How are things? they ask each other.
“Terrible,” they reply. “But thanks for asking.”
And it’s not just McInerny peddling this misery. Last week on Keen On, I talked with the writer Lynn Melnick about the trauma of drug addiction and sexual violence. Melnick has a new memoir out about her mostly miserable life, I’ve Had to Think Up a Way to Survive: On Trauma, Persistence and Dolly Parton. At least, I guess, she has figured out a useful way to recycle old Dolly Parton.
In these “dark times,” even the professional positive types—the emotional uplifters and healthy lifestyle crowd—are miserable.
In these “dark times,” even the professional positive types—the emotional uplifters and healthy lifestyle crowd—are miserable. On Keen On this week, I spoke to Melissa Urban, the supposedly cheerful life-coach and food and diet expert about her new The Book of Boundaries: Set the Limits that Will Set You Free. More misery, I’m afraid. More forbidding stories about addiction and emotional abuse and unrealized selves. Urban, I sensed, wanted to smile. She just didn’t know how.
And it’s not just women who are perpetuating what I suspect is the myth of universal misery. Last week, I had the MIT philosopher Kieran Setiya on Keen On to talk about his new book Life Is Hard: How Philosophy Can Help Us Find Our Way. Philosophy, Setiya told me, can help us find our way in a life of infirmity, loneliness and failure. Misfortune favors the brave, Setiya turns the all-too-male Machiavelli upside down. It’s a return to Dark Age philosophy. Only without the Christianity.
Is life really that hard? According to another Keen On guest from last week, the Brookings Scholar Richard Reeves, life is actually harder for men and boys these days than for women. It’s deliciously ironic. Women are not only more successful than men, Reeves suggests, but they are controlling the conversation. Today’s female embrace of misery, his logic suggests, might be a display of cultural power rather than weakness. To make them feel better about themselves, then, men probably need to learn to successfully talk misery. They might even empower themselves by taking their female partner to a Nora McInerny gig.
McInerny suggested to me that America needs what she called a national “Bad Vibes Only” Day. Think of it as a kind of Thanksgiving for misery. (un)Fortunately, however, everyday in America, these days, seems like a Bad Vibes Only day. So I propose the reverse: “A Good Vibe Only” day for the celebration of good news.
And there are lots of reasons to be cheerful these days. I found two Keen On interviews this week particularly encouraging. Both, surprise surprise, with men. LOL.
The first was with Michael Tomasky, the editor of The New Republic and the author of the new book The Middle Out.

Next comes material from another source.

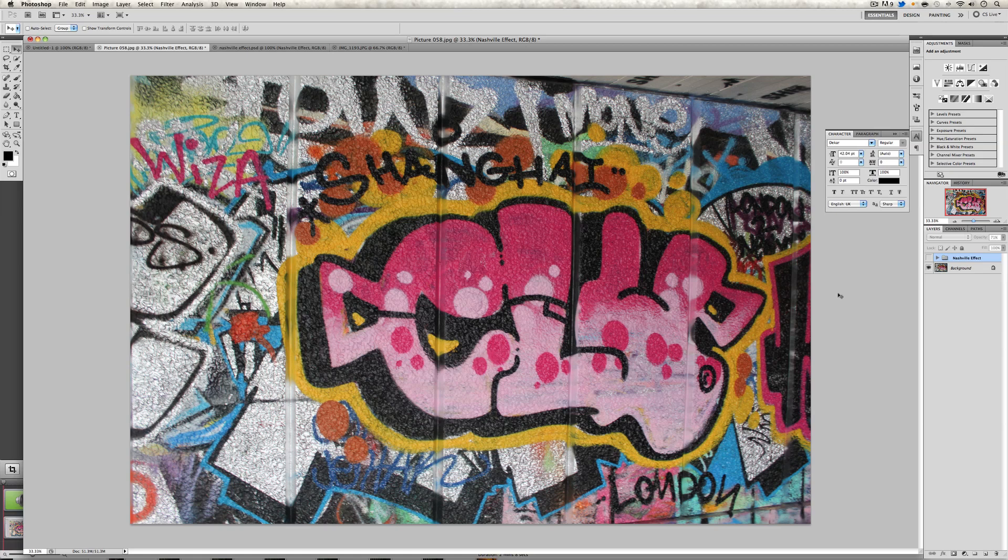What's good people? Today I'm going to show you quickly how to make the Nashville effect, which was first found on an iPhone, iPod Touch, iPad, etc. app called Instagram, which basically allowed you to edit your image automatically by just pressing a button with this amazing effect called Nashville.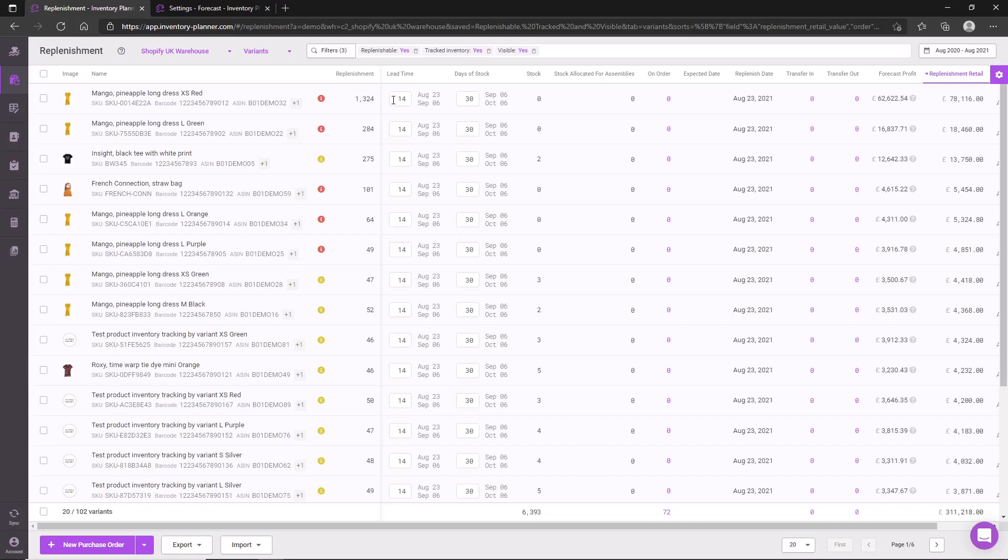And then also your days of stock. You can see this as your stock cover or perhaps your ordering frequency. It is this date range we are forecasting, and that is what fuels our replenishment recommendation.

Tomasky told me that Joe Biden is building a similar effective progressive coalition to FDR and LBJ. Biden’s successful legislation making life less hard for many Americans and that’s really great news for all Americans, even Republicans.
Then there was my Keen On conversation earlier this week with Bruce Usher, the author of the new Investing in the Era of Climate Change. Usher confirmed the unimaginable. That we now have the technologies—wind, solar and battery tech—to actually confront environmental change. The climate apocalypse is postponed, perhaps forever, Usher suggested. And that’s great news for everyone except hardcore climate deniers and millenarians.
“So how things are?” somebody asked me earlier this week. “Excellent,” I responded, with typically misguided male bravado. “And thanks for asking.”